Les 3 voies d’investissement immobilier

Comme nous l'avons vu, les rendements offerts par le secteur financier, sans prendre de risque, se sont réduit à une peau de chagrin. De plus, vu ce qu'il s'est produit en 2008, le bon père de famille a une moins grande confiance dans ses banquiers, d'autant que la garantie par l'Etat des 100.000 euros pour les dépôts n'est qu'un leurre : vu leur endettement, les Etats seraient incapables d'y faire face et de toute façon, la charge en reviendrait au contribuable comme un boomerang.

Ce constat a nécessairement poussé les investisseurs à diversifier leurs placements et à se tourner vers l’immobilier de rapport. Nous avons repris les 3 principaux moyens d’investir :

1. Investir à titre personnel

C'est sans doute la pire des solutions. Si les fonds proviennent de votre PME, il faut les en sortir d'abord, sous la forme de dividendes ou de rémunérations, déjà bien taxés au moment du prélèvement (impôt des sociétés + 27% de précompte mobilier ou taxation au taux marginal de l'IPP).
En outre, vous vous retrouvez avec un patrimoine immobilier qu'il faudra transmettre un jour à vos héritiers choisis, ce qui génèrera des droits de succession abominables, puisque les tranches des droits n'ont plus été indexées depuis ...1936 !
Les revenus immobiliers que vous tirerez des locations seront imposés au taux marginal de l'IPP, mais après déduction du forfait pour frais et uniquement sur base du revenu cadastral indexé x 1,40
NB : Comme si cela ne suffisait pas, en Région Wallonne, si vous êtes déjà propriétaire d'au moins deux immeubles d'habitation, les droits d'enregistrement sur l'acquisition du bien vous coûtera 15%, au lieu de 12,5%, ce qui est pourtant déjà prohibitif.
Pour nous ce type d’investissement est à proscrire car c’est l’impôt garanti à tous les étages.

2. Faire l'acquisition par le biais de votre société opérationnelle

Il y a beaucoup d’avantages mais il faudra être attentif au risque de faillite ou de responsabilité professionnelle.

  • Pas besoin de sortir l'argent de votre société à votre profit pour effectuer l'investissement (cfr point 1)
  • Les revenus immobiliers seront certes imposés mais le taux de l'ISoc n'a rien à voir avec le taux marginal de l‘IPP
  • Toutes les charges sont déductibles, en ce compris les amortissements
  • En cas de revente du bien, vous bénéficierez de la taxation étalée de la plus-value, ce qui vous permettra de répartir l'impôt sur une durée de 33 ans si vous réinvestissez dans un autre immeuble d'habitation (20 ans si immeuble à destination professionnel)
  • Si vous cédez vos parts ou actions à vos héritiers et que ceux-ci maintiennent l'activité, vous ne payerez aucun droit de succession (art.60bis CDS pour la Région Wallonne), ou au pire 3% (art.60bis CDS pour la Région de Bruxelles-Capitale et art. 2.7.4.2.2 CFF pour la Région Flamande.

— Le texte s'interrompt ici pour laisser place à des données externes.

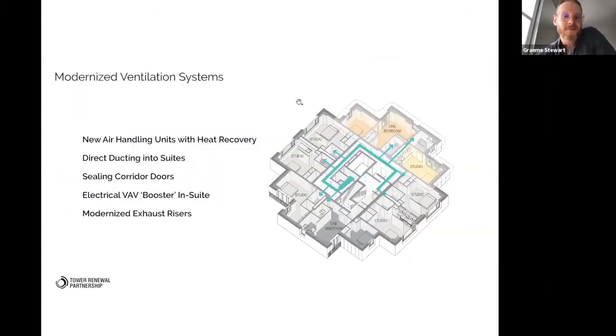Fresh air supply is a key issue. One thing we know about these older buildings is that the way they provided fresh air just doesn't work anymore — it was just corridor pressurization with door undercuts, and of course everyone had filled the bottom of their doors with newspapers. Most of the fans weren't even working, so no fresh air was getting into this building unless you opened a window. The kilowatt hours per square meter when we started was over 350.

Il ne sera même pas nécessaire de faire une donation préalable, ce qui vous laissera la jouissance de vos biens jusqu'à votre dernier soupir
  • Si vous avez investi à l'étranger, ce ne sera que du bonus puisque l'Etat où se situent les biens ne pourra prélever aucun droit de succession vu qu'il s'agira d'une succession mobilière, donc relevant de l'Etat de résidence du défunt.

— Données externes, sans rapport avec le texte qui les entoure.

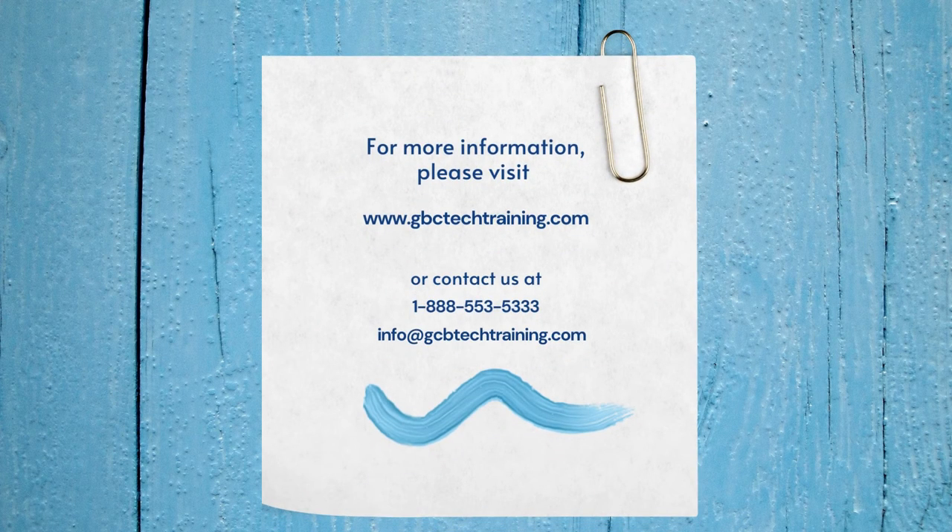Once you install this on your computer, you can jump right into it and begin your studies right away.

3. Constituer une société immobilière

C’est le must ultime car outre les avantages décrits au point 2, il permet une séparation des patrimoines et la protection de votre immobilier.

Evidemment, une situation n'est pas l'autre mais quand on connaît les avantages et inconvénients avant d'investir et qu'on les place dans l'échelle du temps, un surcoût pour maintenant peut très bien devenir une sérieuse réduction finale au bout du compte.